[[ Input, beginning ]]

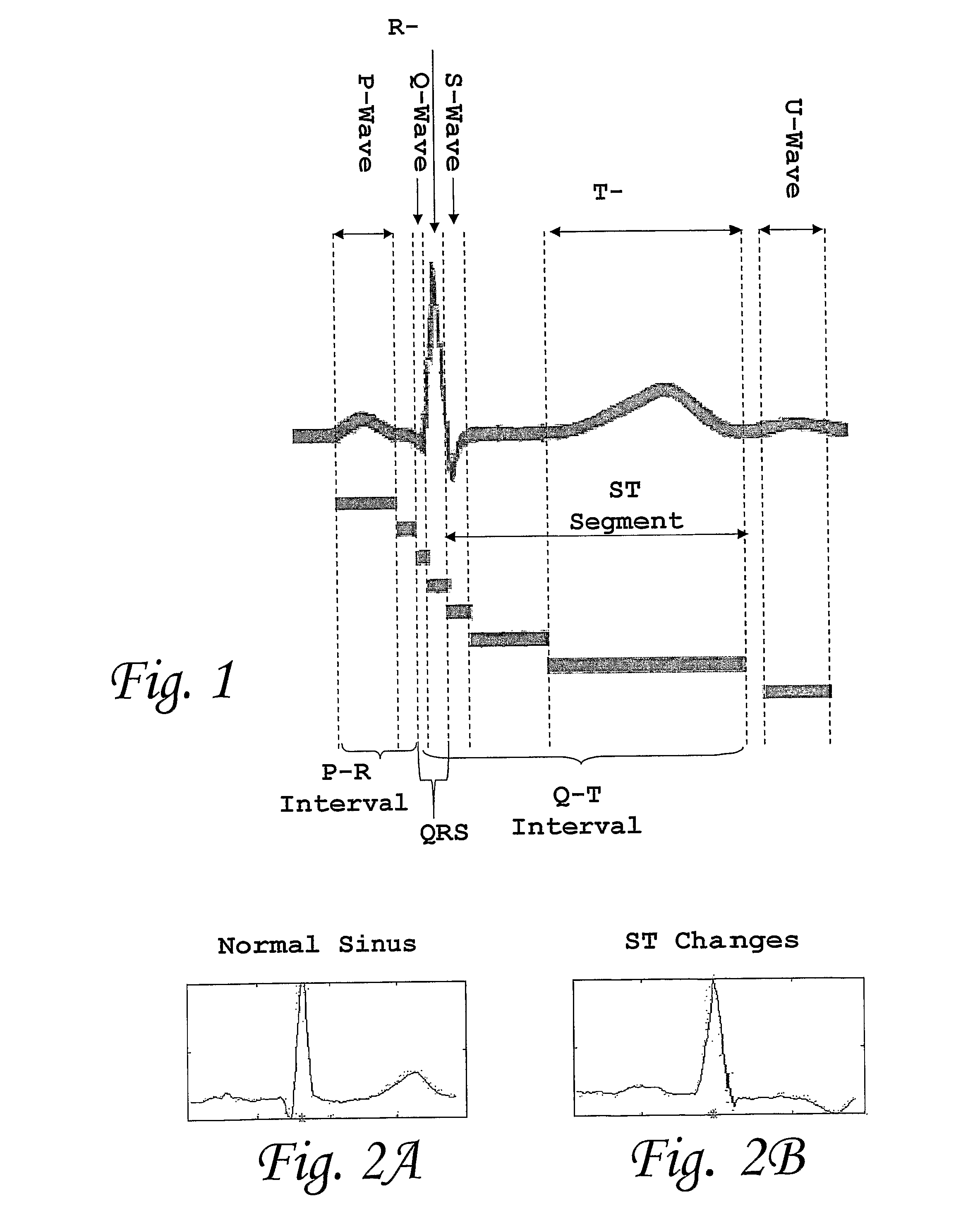 Method and System for Diagnosis of Cardiac Diseases Utilizing Neural Networks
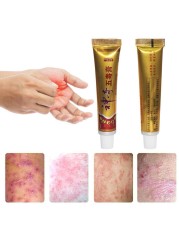 YIGANERJING Useful Psoriasis Cream (without retail box)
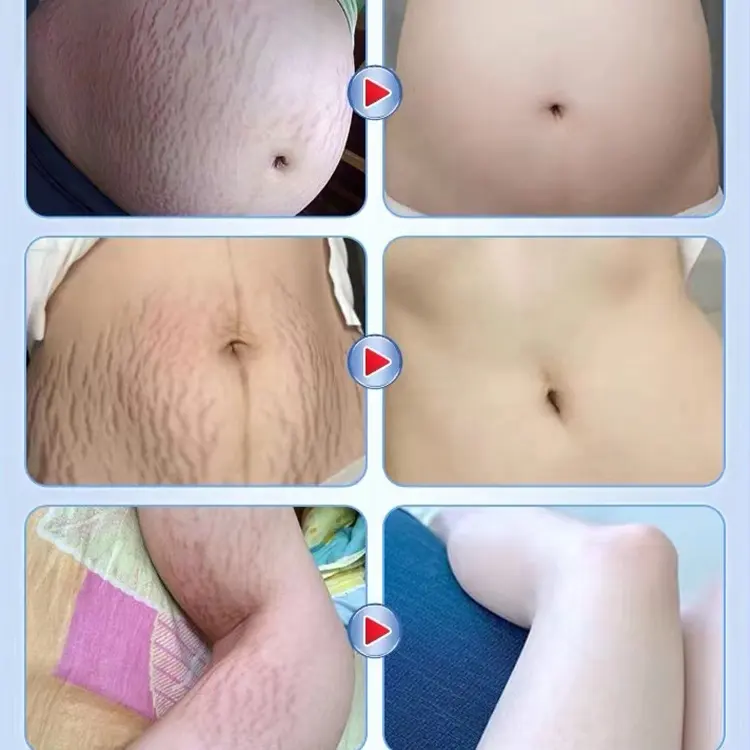 Pregnancy Scars Remove Stretch Marks Oil Treatment Maternity Repair Anti-Aging Anti-Wrinkles Firming Stretch Mark Body Oil 918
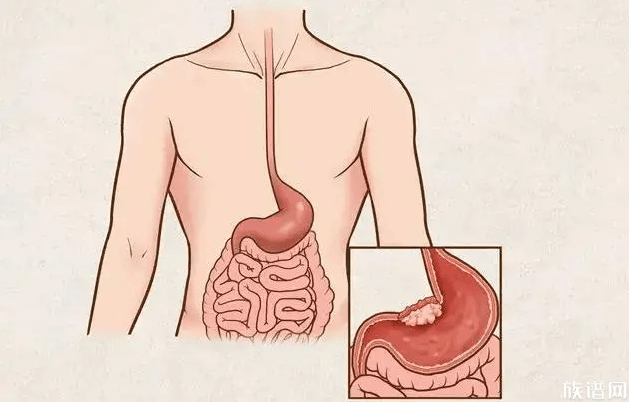 古代也有益生菌?古人消化不良怎么办?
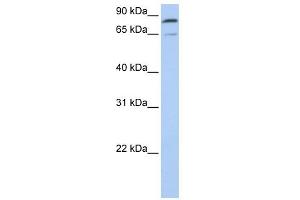 Mitofusin 2 antibody used at 1 ug/ml to detect target protein. (MFN2 antibody  (C-Term))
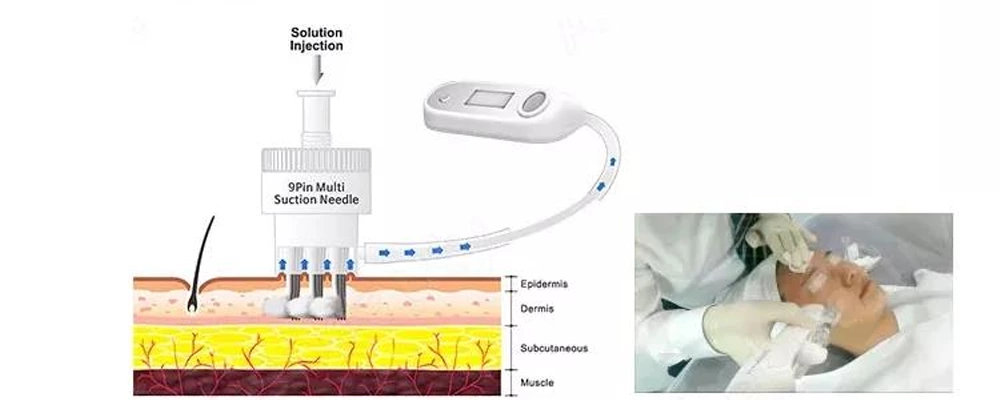 Professional Microneedling Machine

[[ Input, end ]]

Exercise directions: For this exercise, give the listing again exactly as written, with the pictures omitted.

The completed task:
 Method and System for Diagnosis of Cardiac Diseases Utilizing Neural Networks
 YIGANERJING Useful Psoriasis Cream (without retail box)
 Pregnancy Scars Remove Stretch Marks Oil Treatment Maternity Repair Anti-Aging Anti-Wrinkles Firming Stretch Mark Body Oil 918
 古代也有益生菌?古人消化不良怎么办?
 Mitofusin 2 antibody used at 1 ug/ml to detect target protein. (MFN2 antibody  (C-Term))
 Professional Microneedling Machine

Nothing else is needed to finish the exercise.